「Autodesk Presents Lightstorm and ILM Blockbuster Tour 2010+After NAB 2010」では、オートデスクの製品群を活用した映像制作について、様々なセッションが行われた。インダストリアルライト&マジック シンガポール(Industrial Light & Magic Singapore:ILM Singapore)に在籍するブレナン・ドイル氏は、「ASIAの秘めた力」と題して、自身がデジタル・アーティスト・スーパーバイザーとして携わった『アイアンマン2』の制作エピソードを中心に映像制作の舞台裏を語った。

インダストリアルライト&マジック シンガポールのブレナン・ドイル氏

パワードアーマーの映像制作

ドイル氏はイベントで、『アイアンマン2』の制作陣が気に入っているシーンを紡いだシズルリールを上映。『アイアンマン2』で用いられたVFXショットは約500ショット。その約40%の190ショットを2006年より在籍しているILM Singaporeで担当し、内130ショットに関してはすべての作業をシンガポールで行ったという。サンフランシスコとシンガポールは直線距離にして1万数千kmも離れているが、それぞれの作業はシームレスかつ円滑に行われたという。

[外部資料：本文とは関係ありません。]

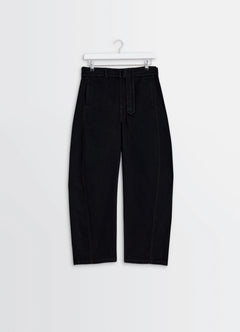 Lemaire Twisted Belted Pants in Deep Black Heavy Denim, product shot, hanger straight view tapered and cuffed leg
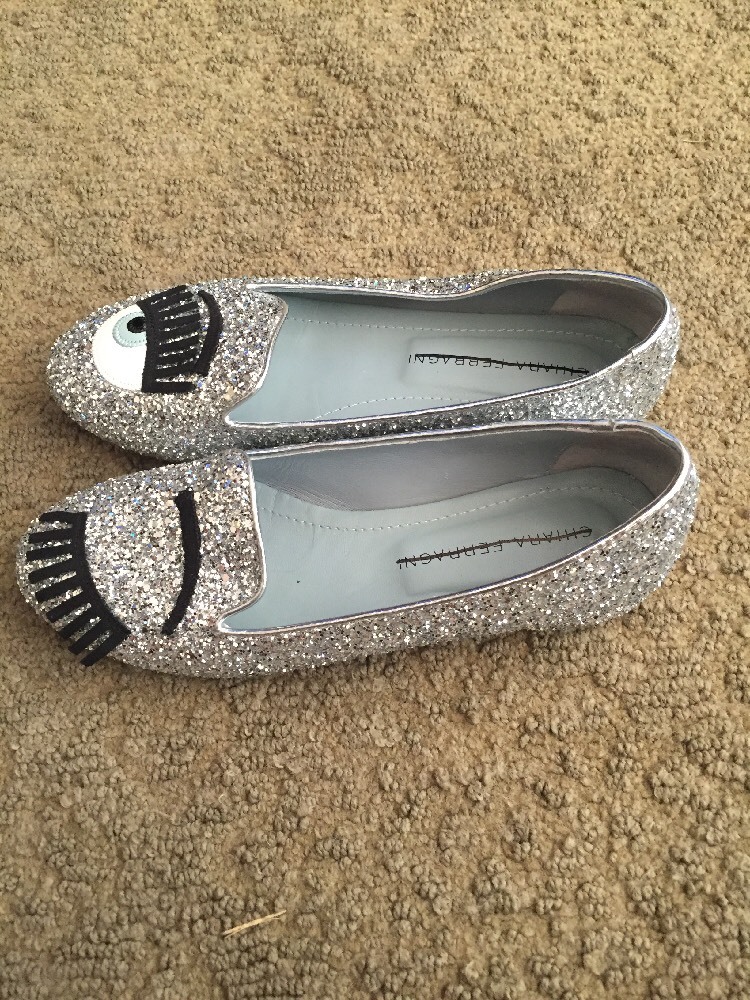 Chiara Ferragni Flirting Silver Glitter Wink Eye Ballet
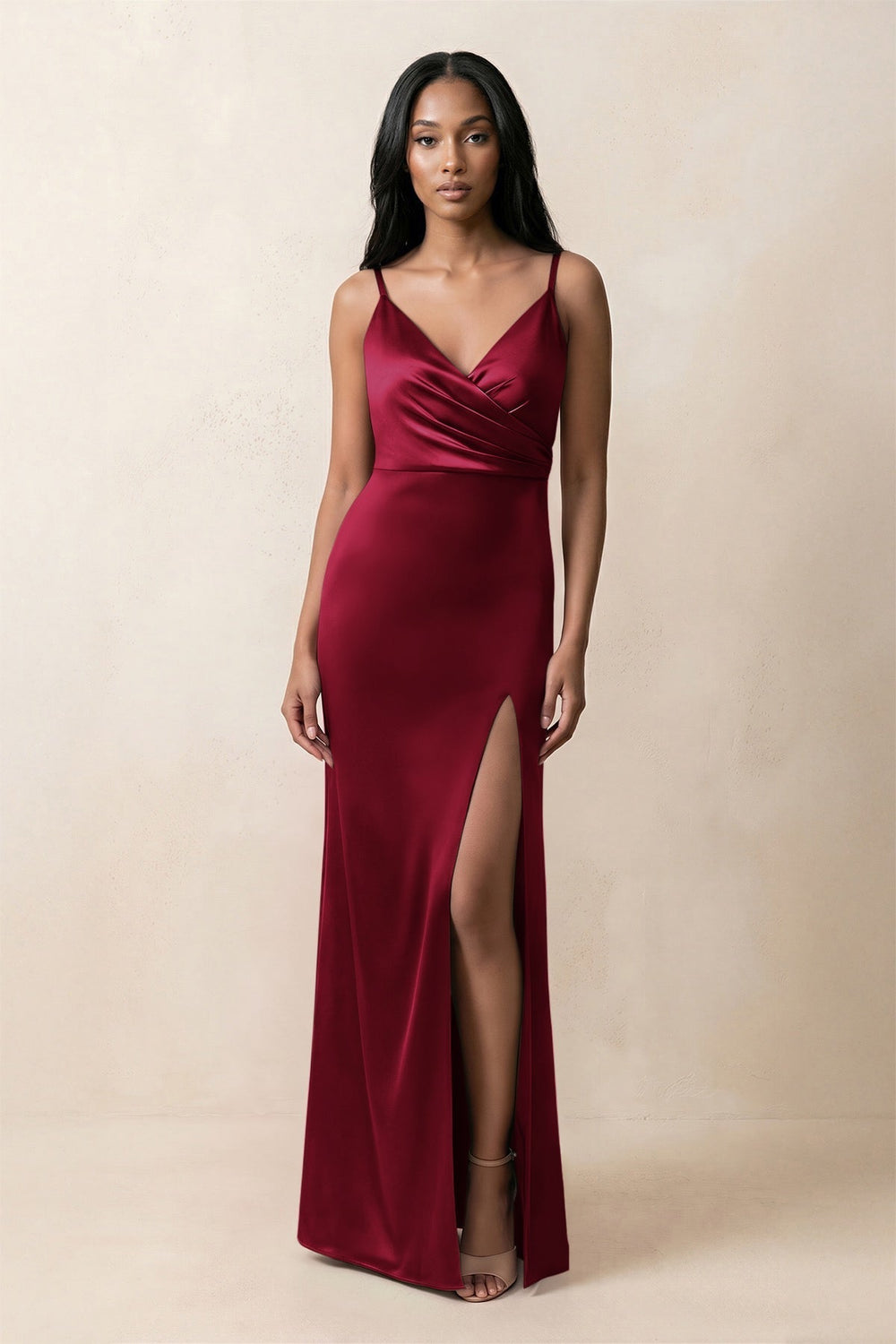 Spaghetti Strap Sheath Satin Ruched Bridesmaid Dress in Berry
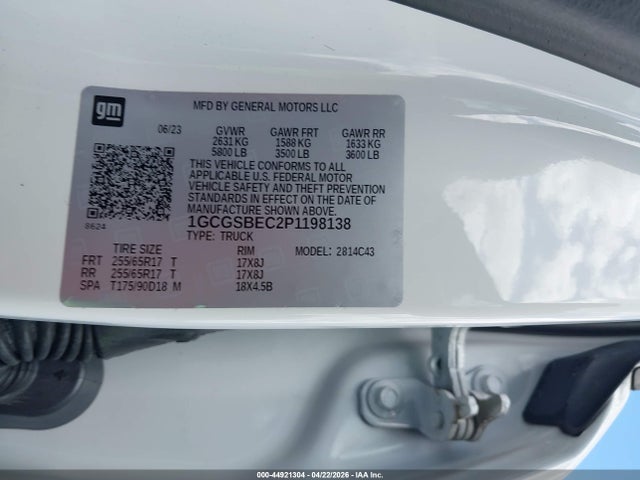 44921304 :رقم المزاد ، 1GCGSBEC2P1198138 vin ، 2023 Chevrolet Colorado 2wd  Short Box Wt مزاد بيع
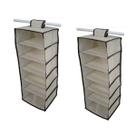 Organizador Cabideiro Vertical Bege 6 Nichos Para Cabideiro Kit 2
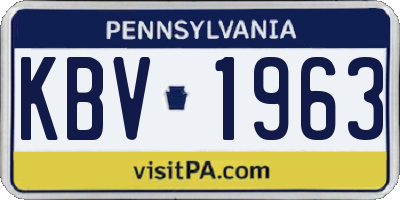 PA license plate KBV1963
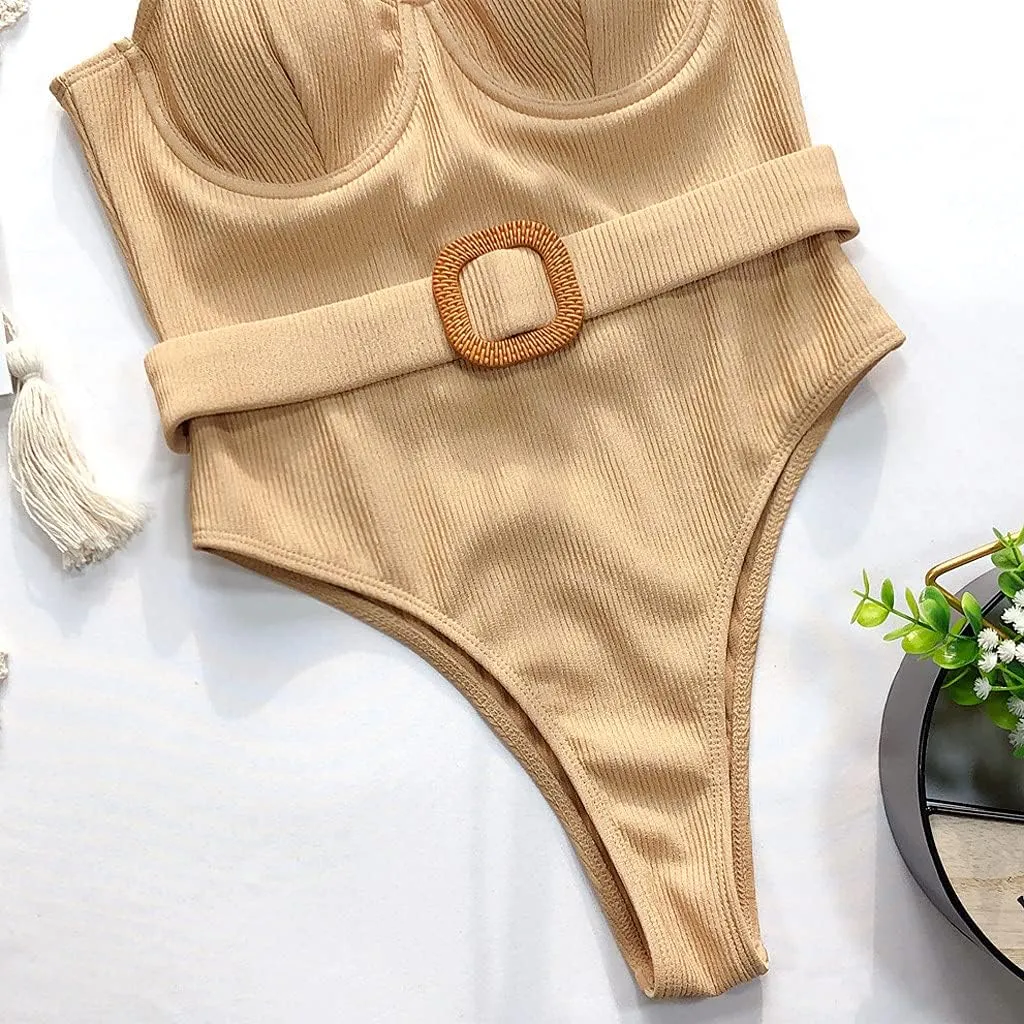 PTOLOCIF Women's One Piece Swimsuit Sports Adjustable Strap Bathing Suit Color Block Ribbed High Cut Swimsuit Ladies Swimwear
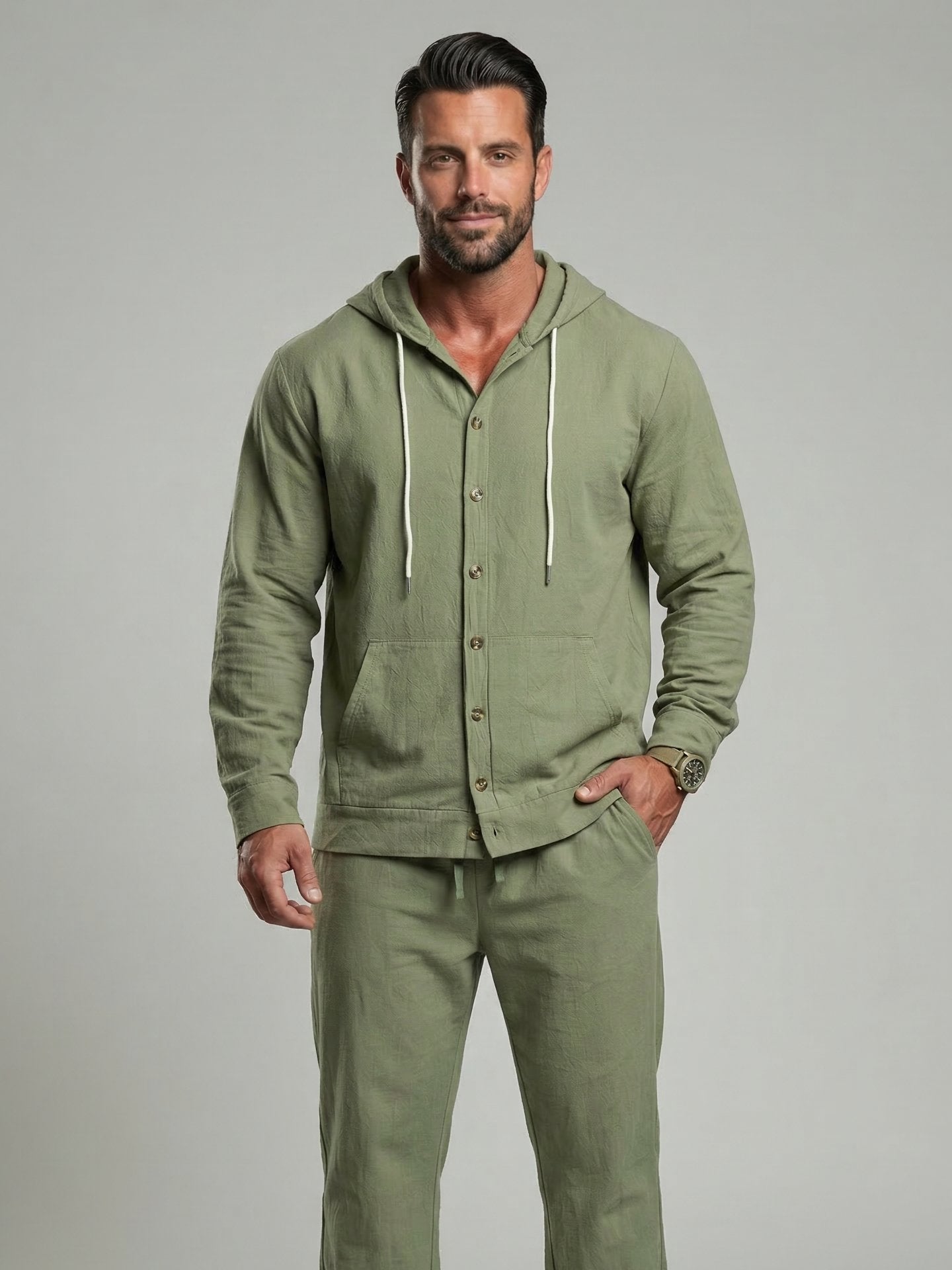 Men’s Premium Resort Linen Hooded Set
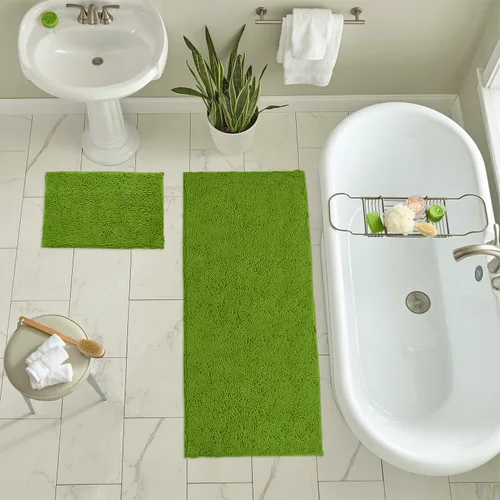 LuxUrux Juego de 2 tapetes de baño de felpa extrasuave, material de microfibra de felpilla de 1 pulgada, color verde súper absorbente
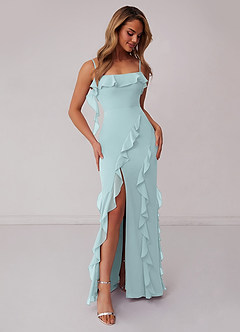 Barbie ♥ Azazie Bridesmaid Dresses Mist Sheath Bow Chiffon Dress image4
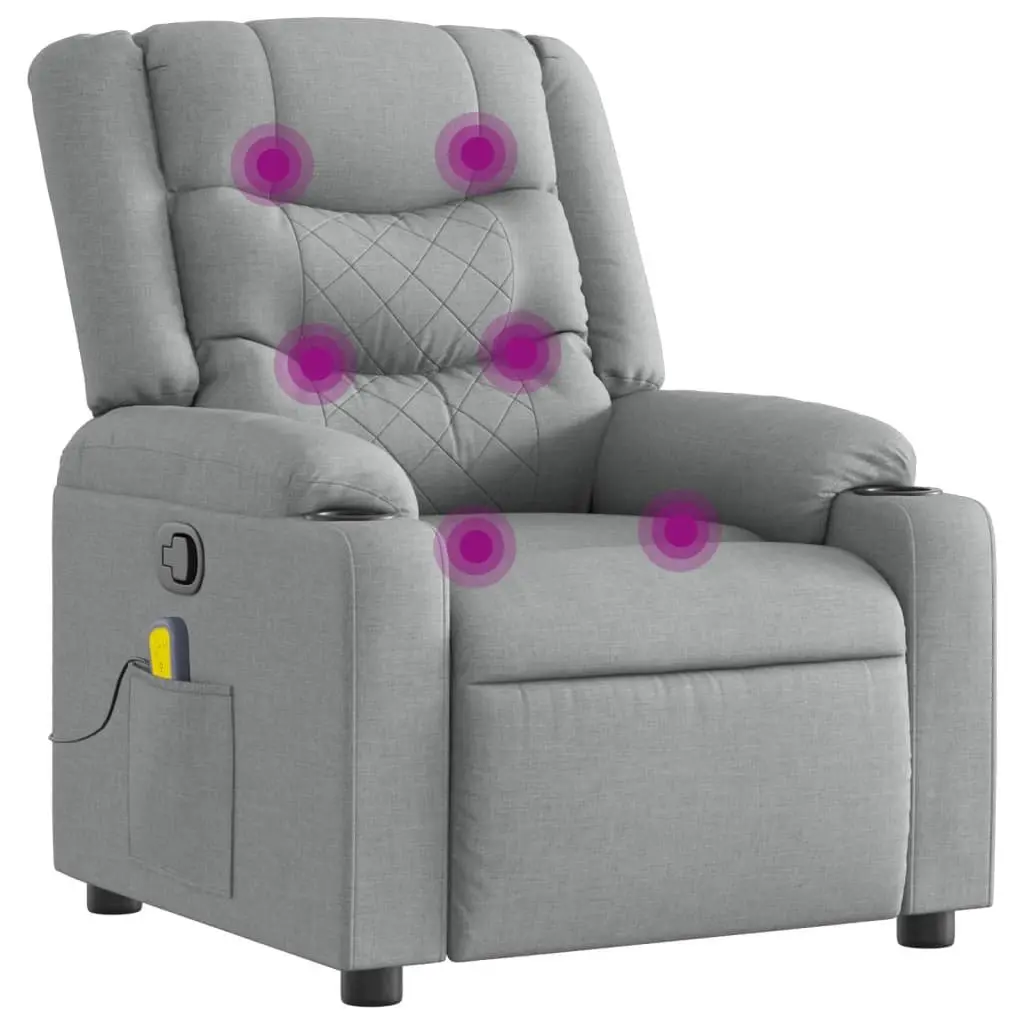 Massage Recliner Chair Manual Reclining Grey Fabric Vibration Footrest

『アイアンマン2』の映像制作で、もっとも苦労したのは複雑に変化を続けるパイプラインだという。シェーダーやレンダリングの方法、リグやアニメーションなどについては、逐一アップデートしていかなければならなかったという。その最たるは主人公トニー・スタークが装着するパワードアーマー。映画制作が進んだ段階でレトロフィット、言うなれば「型落ち」したものに手を加え「最新型」へと映像データをチューニングしなければならなかったという。ブレナン氏は「映画制作ではそれぞれ個別の問題、独特な問題の解決に取り組まねばならない」と語る。クライアントから提供されたパワードアーマーのイメージをもとにコンセプトワークを行っていく段階で、ILMのコンセプトアーティストたちは現実的な動きを持たせることを念頭に置いた。そうして完成したコンセプトアートをクライアントへ提出する際、「アートワークにある手首のブレスレットは、こんな感じでパチンと閉まる」といった具合に、どのような形でアニメーションするか参考情報を添えていたという。ドイル氏は数々の写真資料を見せながら、「実写かCGで置き換えるかについての判断は非常に重要なものだった」と語った。シーンによってはスーツのすべてを実写からCGへと置き換えた箇所もあったそうだ。

世界観の創造

今回の作品でもうひとつ解決させなければならなかった問題として、舞台環境のイメージ構築があった。ジョン・ファヴロー監督の希望により、1964年に開催されたニューヨーク万博の雰囲気を再現・創造していくことが求められた。万博会場の環境イメージ制作では、まずコンセプトアートを作成する過程で、この万博会場はファンタスティックに見えるものなのか、または写実的にリアリスティックなものなのか、作成しては絞り込んでいくといった行程を経たという。コンセプトが決まり、実際にショットで使用するイメージを制作する段階においては、「Autodesk 3ds Max」とILM自社製のツールを用いてライティングやレンダリング等の作業を行ったそうだ。ジョン・ファヴロー監督の求めた映像は、実際の写真のようなリアリスティックなもので、レンズのフレアや歪曲収差といった光学的な要素を持たせたいという。しかし、3Dレンダリングでコントロールすることが非常に難しく、コンポジットによる付加作業が発生したそうだ。その一例として、実際にニューヨークで空撮したフォトグラフィックバックグラウンドから、フォトリアリスティックな映像に仕上げるための工夫を披露。細かな作業のなかにも監督の要求に応えるための試行錯誤が伺える。

兵器としてのリアルさ

また、ドイル氏は新たなキャラクター「War Machine」を誕生させたことについても触れた。マーベル・コミックで登場していた元のデザインにできるだけ近付けつつ、リアリスティックな味付けを行ったのだという。それに加え、ドイル氏はスーパーバイザーとして「ちゃんとエンジニアリングして、現実的な視点を盛り込もうとした」。金属の表現や武器の動き、メカニズムなど、そのリアルさにこだわったのだという。実際に銃弾が当たりどのように着弾後の処理を行うかなどは、物理シミュレーションを繰り返し何度も試行錯誤したという。

デジタル合成のために

アクションシークエンスはこのような映画には必要不可欠。しかし仕上がった映像として見るとどこか違和感がある。「そういったケースは往々にしてある」とドイル氏は語る。実際に撮影する映像はブルーバックで、俳優のアクションも少なく完成時のイメージが掴みにくい。特に合成するキャラクターの大きさが掴みにくく、それを解消するために撮影現場に多くのポールを立てて位置関係や大きさを把握し易くしたのだそうだ。そういった努力や試行錯誤の積み重ねにより、リアリスティックな迫力ある映像が生み出されたのだ。 スーパーバイザーとして大切なのはコミュニケーションだとドイル氏は語る。アーティスト間で何かトラブルがあった場合は、作業をスローダウンさせ話し合いなどによって確認し合うようにする。共通のリファレンスを用意することで「皆が何を成し遂げなければならないのか」を明確にして理解を浸透させていくのがスーパーバイザーの責任だとも語った。ジョン・ファヴロー監督が発した意思を、スーパーバイザーであるドイル氏が映像として忠実に具現化していく。彼らの強い信念のもとに誕生した映画であると認識してから本編を見ると、また新たな面白さを発見できることだろう。